• What this task involves
This task calls for the lines below starting at the one containing "Four-tiered wedding cake" and ending at the one containing "EVLA'S Baby Feeding", repeated exactly with both ends kept and pictures left out.

• Data for this exercise
--- START ---
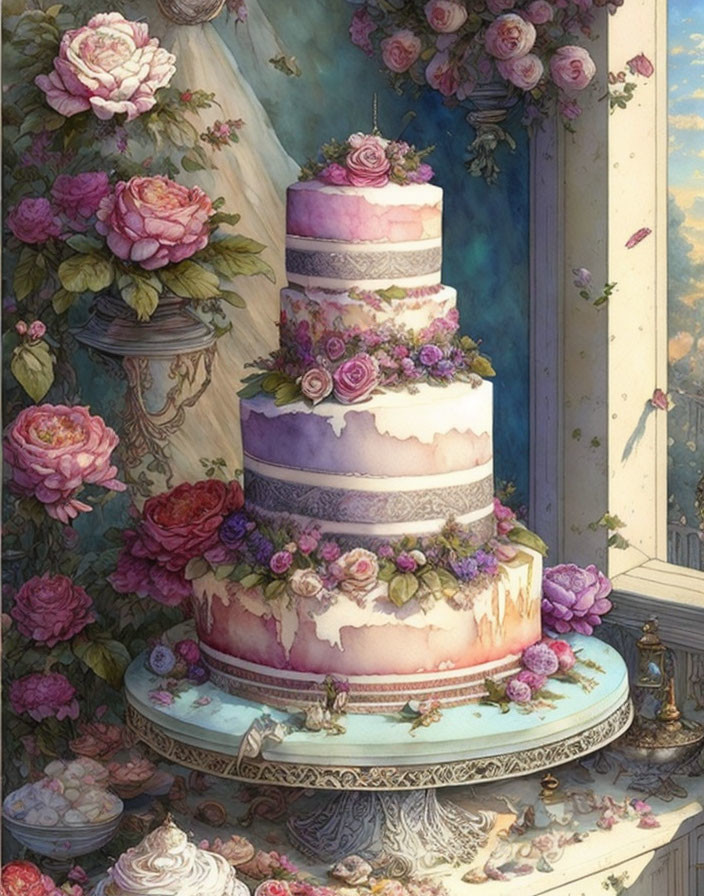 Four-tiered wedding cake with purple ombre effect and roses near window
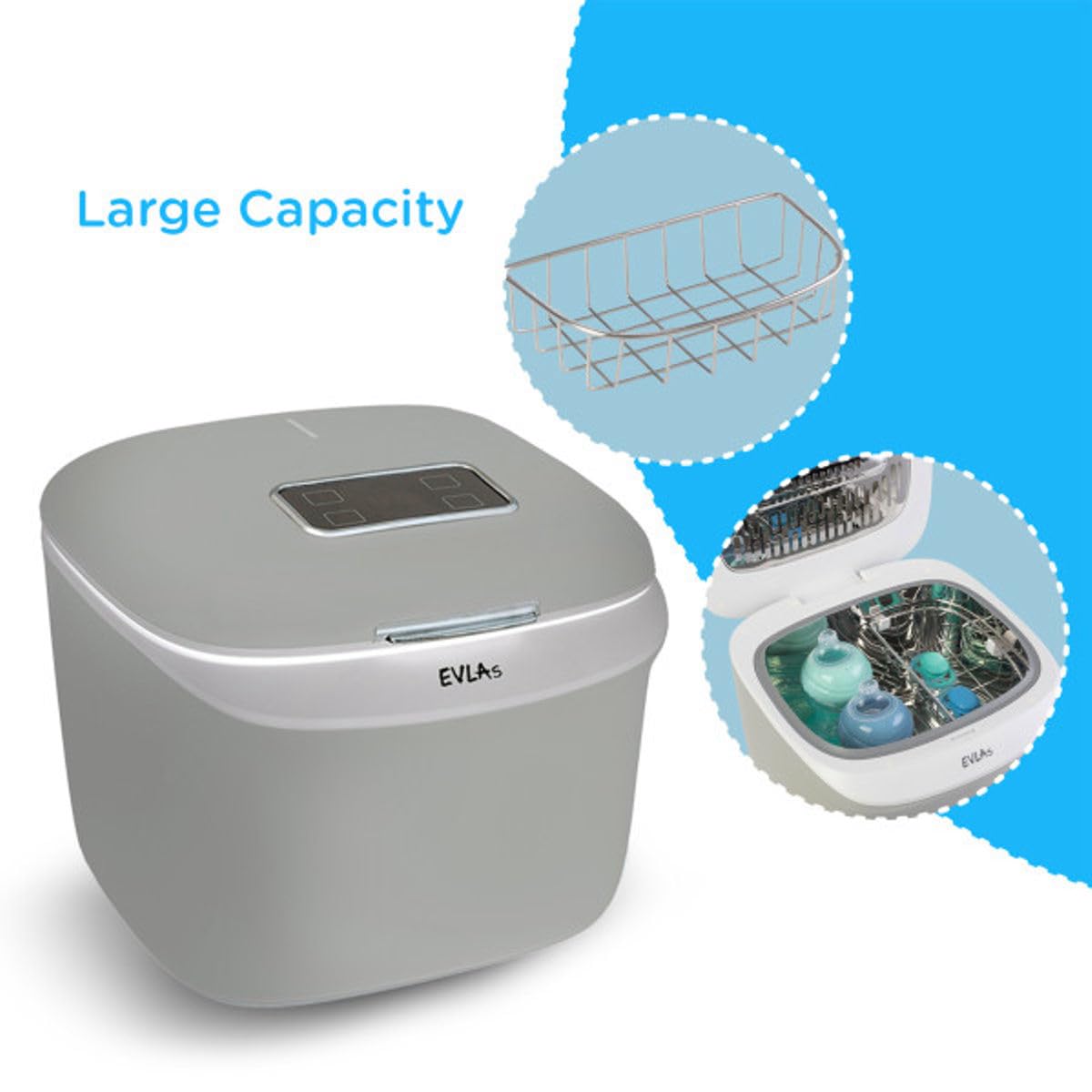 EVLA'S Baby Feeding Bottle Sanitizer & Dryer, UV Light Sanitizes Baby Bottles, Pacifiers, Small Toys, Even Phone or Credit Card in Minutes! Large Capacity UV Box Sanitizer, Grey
--- END ---
--- START ---
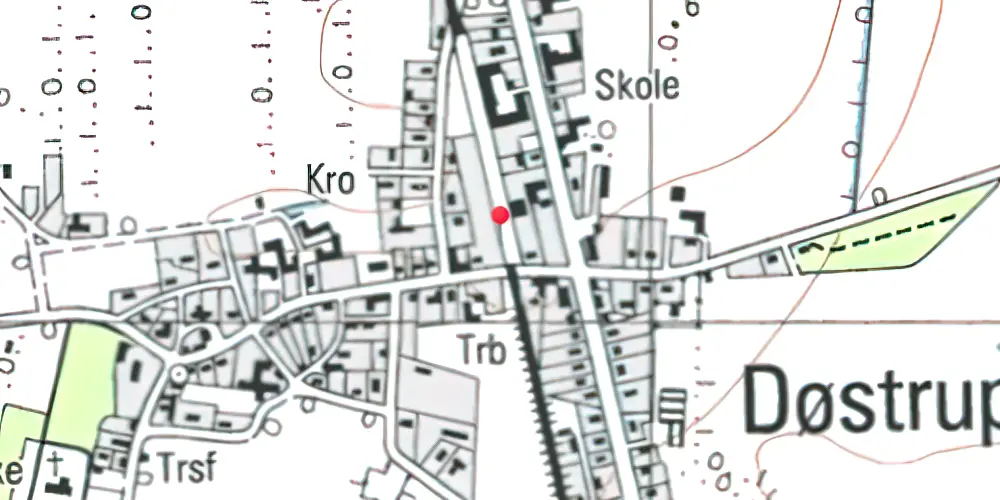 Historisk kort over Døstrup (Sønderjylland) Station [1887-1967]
--- END ---
--- START ---
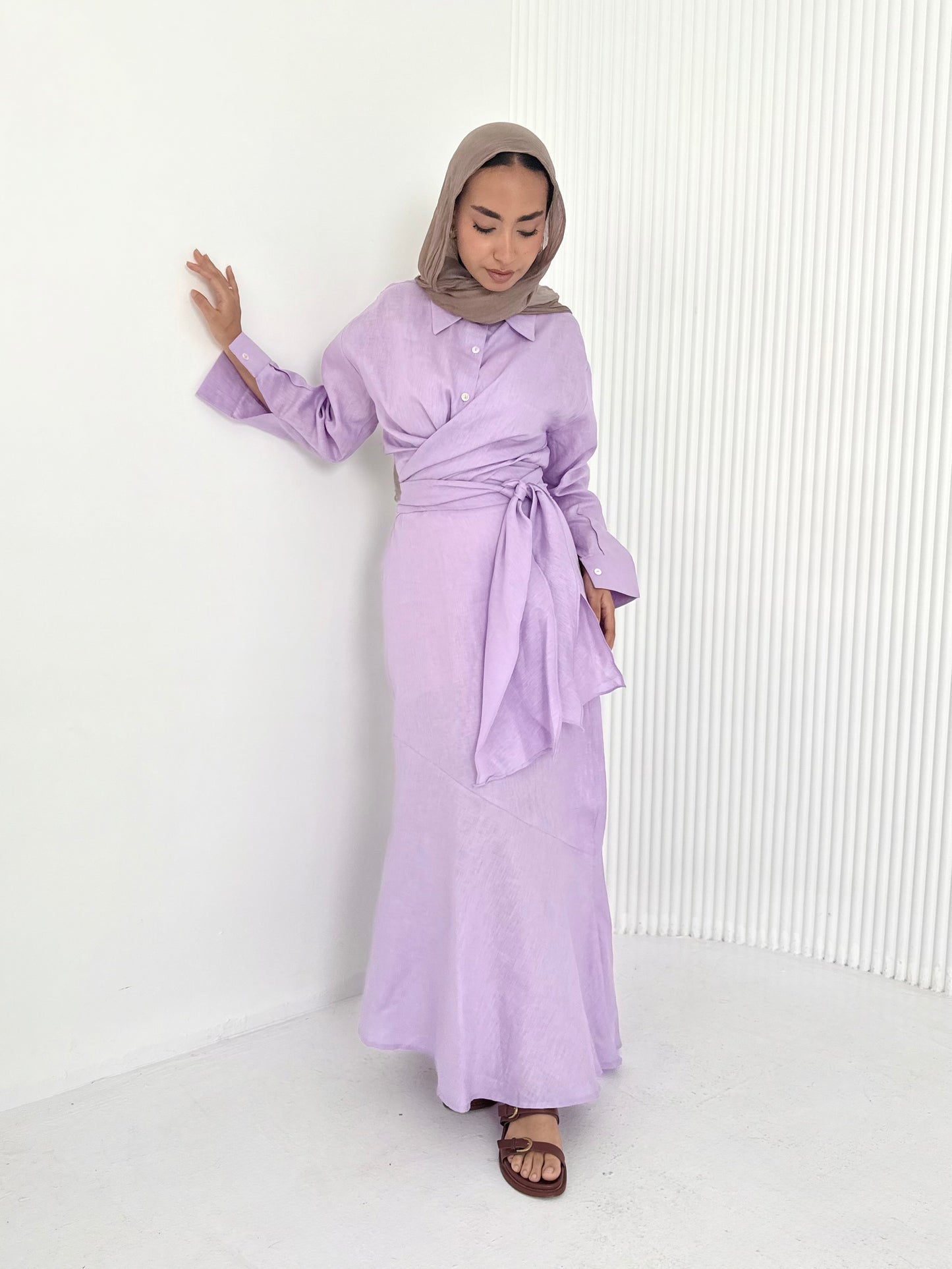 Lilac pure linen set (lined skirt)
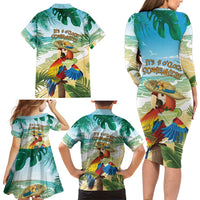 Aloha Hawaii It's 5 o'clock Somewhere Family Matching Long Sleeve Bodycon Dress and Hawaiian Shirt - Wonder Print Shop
--- END ---
• Result of this exercise
 Four-tiered wedding cake with purple ombre effect and roses near window
 EVLA'S Baby Feeding Bottle Sanitizer & Dryer, UV Light Sanitizes Baby Bottles, Pacifiers, Small Toys, Even Phone or Credit Card in Minutes! Large Capacity UV Box Sanitizer, Grey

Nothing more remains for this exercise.